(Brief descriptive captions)
○ ○ ○ ○ ○ ○ ○
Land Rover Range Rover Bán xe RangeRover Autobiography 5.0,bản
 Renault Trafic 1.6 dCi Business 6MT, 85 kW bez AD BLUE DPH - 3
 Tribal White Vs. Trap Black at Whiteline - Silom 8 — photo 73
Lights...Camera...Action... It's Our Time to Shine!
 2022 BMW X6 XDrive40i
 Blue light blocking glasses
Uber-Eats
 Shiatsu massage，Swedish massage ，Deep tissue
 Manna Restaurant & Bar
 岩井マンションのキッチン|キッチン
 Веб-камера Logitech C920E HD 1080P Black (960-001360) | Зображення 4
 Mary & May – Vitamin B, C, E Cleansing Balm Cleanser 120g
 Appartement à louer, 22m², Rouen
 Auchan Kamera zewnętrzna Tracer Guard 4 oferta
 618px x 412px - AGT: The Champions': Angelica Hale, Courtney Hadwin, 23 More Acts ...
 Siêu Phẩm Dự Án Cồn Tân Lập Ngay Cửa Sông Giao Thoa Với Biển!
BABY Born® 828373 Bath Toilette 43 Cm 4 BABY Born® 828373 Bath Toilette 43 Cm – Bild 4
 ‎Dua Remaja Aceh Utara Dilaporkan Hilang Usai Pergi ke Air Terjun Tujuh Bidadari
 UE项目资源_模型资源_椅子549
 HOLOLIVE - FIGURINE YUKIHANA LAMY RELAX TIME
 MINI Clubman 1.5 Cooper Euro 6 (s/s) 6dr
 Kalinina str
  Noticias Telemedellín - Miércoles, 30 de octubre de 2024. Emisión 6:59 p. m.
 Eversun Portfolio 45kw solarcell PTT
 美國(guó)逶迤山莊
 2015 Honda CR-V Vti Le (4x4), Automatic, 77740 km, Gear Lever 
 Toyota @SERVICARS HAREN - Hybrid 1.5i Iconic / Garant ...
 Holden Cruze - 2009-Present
○ ○ ○ ○ ○ ○ ○
WORK TASK
What you give back must match the records word for word.

RESULT
Land Rover Range Rover Bán xe RangeRover Autobiography 5.0,bản
 Renault Trafic 1.6 dCi Business 6MT, 85 kW bez AD BLUE DPH - 3
 Tribal White Vs. Trap Black at Whiteline - Silom 8 — photo 73
Lights...Camera...Action... It's Our Time to Shine!
 2022 BMW X6 XDrive40i
 Blue light blocking glasses
Uber-Eats
 Shiatsu massage，Swedish massage ，Deep tissue
 Manna Restaurant & Bar
 岩井マンションのキッチン|キッチン
 Веб-камера Logitech C920E HD 1080P Black (960-001360) | Зображення 4
 Mary & May – Vitamin B, C, E Cleansing Balm Cleanser 120g
 Appartement à louer, 22m², Rouen
 Auchan Kamera zewnętrzna Tracer Guard 4 oferta
 618px x 412px - AGT: The Champions': Angelica Hale, Courtney Hadwin, 23 More Acts ...
 Siêu Phẩm Dự Án Cồn Tân Lập Ngay Cửa Sông Giao Thoa Với Biển!
BABY Born® 828373 Bath Toilette 43 Cm 4 BABY Born® 828373 Bath Toilette 43 Cm – Bild 4
 ‎Dua Remaja Aceh Utara Dilaporkan Hilang Usai Pergi ke Air Terjun Tujuh Bidadari
 UE项目资源_模型资源_椅子549
 HOLOLIVE - FIGURINE YUKIHANA LAMY RELAX TIME
 MINI Clubman 1.5 Cooper Euro 6 (s/s) 6dr
 Kalinina str
  Noticias Telemedellín - Miércoles, 30 de octubre de 2024. Emisión 6:59 p. m.
 Eversun Portfolio 45kw solarcell PTT
 美國(guó)逶迤山莊
 2015 Honda CR-V Vti Le (4x4), Automatic, 77740 km, Gear Lever 
 Toyota @SERVICARS HAREN - Hybrid 1.5i Iconic / Garant ...
 Holden Cruze - 2009-Present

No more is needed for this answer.